= Alec Heggie =

Scottish actor (1944–2022)

Alexander Angus Heggie (19 January 1944 – 2 July 2022) was a Scottish actor who was known for roles in the BBC Scotland series The Haggard Falcon (1974) and his long-running part as Lachie McIvor in the soap opera High Road.

==Early life and education==
Born in Perth, Scotland, Heggie was the son of Alexander "Sandy" Heggie, an electrical sales worker, and Rita (née Margaret McCulloch), a domestic assistant. After completing his education at Perth High School, Heggie worked at a grocer and later at a wire company. During this time, he joined an amateur dramatic society, which inspired him to pursue acting professionally. He received a scholarship to the Royal Scottish Academy of Music and Drama in Glasgow.

==Career==
Heggie's career began in theatre, with notable work at the Nottingham Playhouse, the Pitlochry Festival Theatre, and the Young Lyceum Company in Edinburgh.

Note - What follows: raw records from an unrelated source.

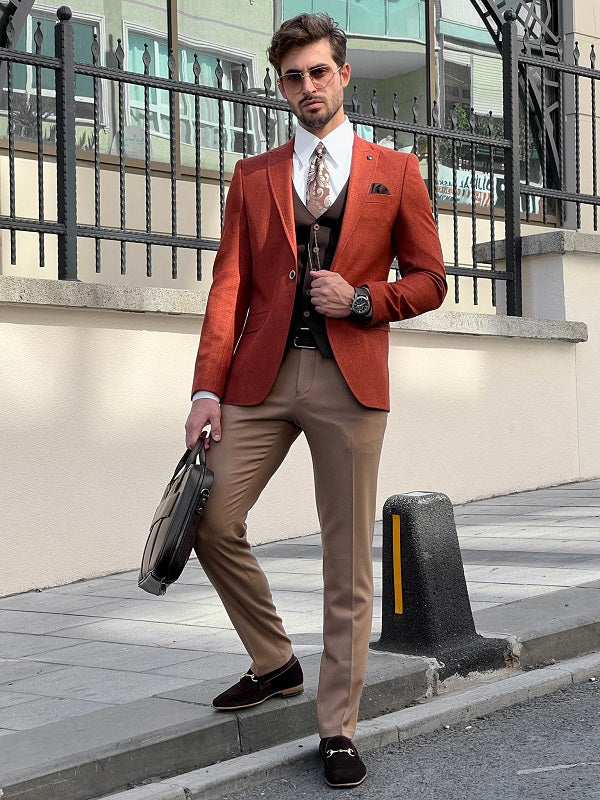 Napoli Rust Slim Fit Peak Lapel Combination Suit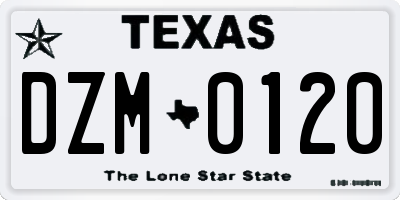 TX license plate DZM0120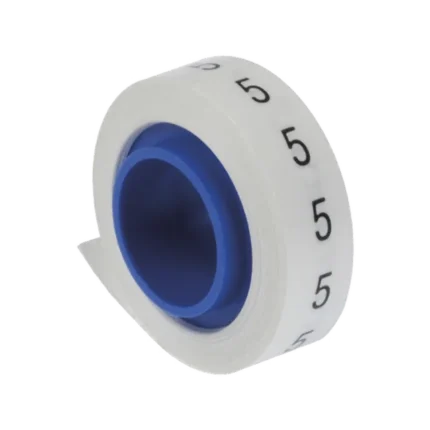 Rollo de Etiquetas Marcadoras, Pre-Impresos con el Número 5, de 2.4 metros, Color Blanco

In London, he performed at the Royal Court and the Young Vic, where in 1971 he appeared in Robert Shaw's play Cato Street alongside Vanessa Redgrave and Bob Hoskins. An oft-recounted anecdote from his time at the Young Lyceum involved a production of Hamlet, where his unscripted, humorous observation during a dramatic scene caused his fellow actors to break character.

Heggie later transitioned to television. His appearances included playing Bothwell in The Haggard Falcon (1974), John Shand in a 1978 adaptation of What Every Woman Knows, and roles in Cloud Howe (1982) and Rab C. Nesbitt (1992–97). His most enduring television role was as Lachie McIvor in Scottish Television's High Road (formerly Take the High Road), which he joined for its final five years. His character's wedding was a central plot point in the show's final episode in 2003.

==Personal life==
Heggie married Jenny Maule in 1975, whom he met while she was working as a personal assistant at Perth Theatre. They had two children: a daughter, Joanne, who died in infancy, and a son, Jonathan.